▶ [Exercise requirements]
When the line containing "SmallRig Vlogging Montageplatte" is reached, begin reproducing lines exactly and continue through the last line of the records below.

▶ [Source material]
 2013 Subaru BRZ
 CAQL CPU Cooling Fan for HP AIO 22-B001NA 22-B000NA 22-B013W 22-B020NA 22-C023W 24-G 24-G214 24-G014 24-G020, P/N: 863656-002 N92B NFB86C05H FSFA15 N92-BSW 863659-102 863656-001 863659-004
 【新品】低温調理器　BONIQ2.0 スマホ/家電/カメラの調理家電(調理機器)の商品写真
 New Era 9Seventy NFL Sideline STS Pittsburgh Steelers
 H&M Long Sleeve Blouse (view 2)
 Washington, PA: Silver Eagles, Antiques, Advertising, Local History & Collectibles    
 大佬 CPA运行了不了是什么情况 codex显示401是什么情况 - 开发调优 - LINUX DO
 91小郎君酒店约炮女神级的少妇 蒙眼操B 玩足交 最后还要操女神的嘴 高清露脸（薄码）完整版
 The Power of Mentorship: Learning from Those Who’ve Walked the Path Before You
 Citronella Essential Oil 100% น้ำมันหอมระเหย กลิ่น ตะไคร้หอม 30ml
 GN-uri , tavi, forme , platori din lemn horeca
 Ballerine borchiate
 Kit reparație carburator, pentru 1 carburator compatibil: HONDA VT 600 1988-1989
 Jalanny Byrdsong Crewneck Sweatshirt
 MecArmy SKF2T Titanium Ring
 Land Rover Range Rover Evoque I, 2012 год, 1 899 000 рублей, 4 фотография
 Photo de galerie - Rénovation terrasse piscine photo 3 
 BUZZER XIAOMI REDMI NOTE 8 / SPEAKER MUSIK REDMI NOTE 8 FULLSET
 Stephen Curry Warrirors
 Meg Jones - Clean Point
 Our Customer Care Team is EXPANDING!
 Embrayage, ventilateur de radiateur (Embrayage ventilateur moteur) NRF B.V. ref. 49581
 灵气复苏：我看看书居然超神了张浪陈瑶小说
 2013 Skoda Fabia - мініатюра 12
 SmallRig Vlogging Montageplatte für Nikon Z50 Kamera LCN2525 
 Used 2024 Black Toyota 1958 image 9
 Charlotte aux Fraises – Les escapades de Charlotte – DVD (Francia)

▶ [Task response]
 SmallRig Vlogging Montageplatte für Nikon Z50 Kamera LCN2525 
 Used 2024 Black Toyota 1958 image 9
 Charlotte aux Fraises – Les escapades de Charlotte – DVD (Francia)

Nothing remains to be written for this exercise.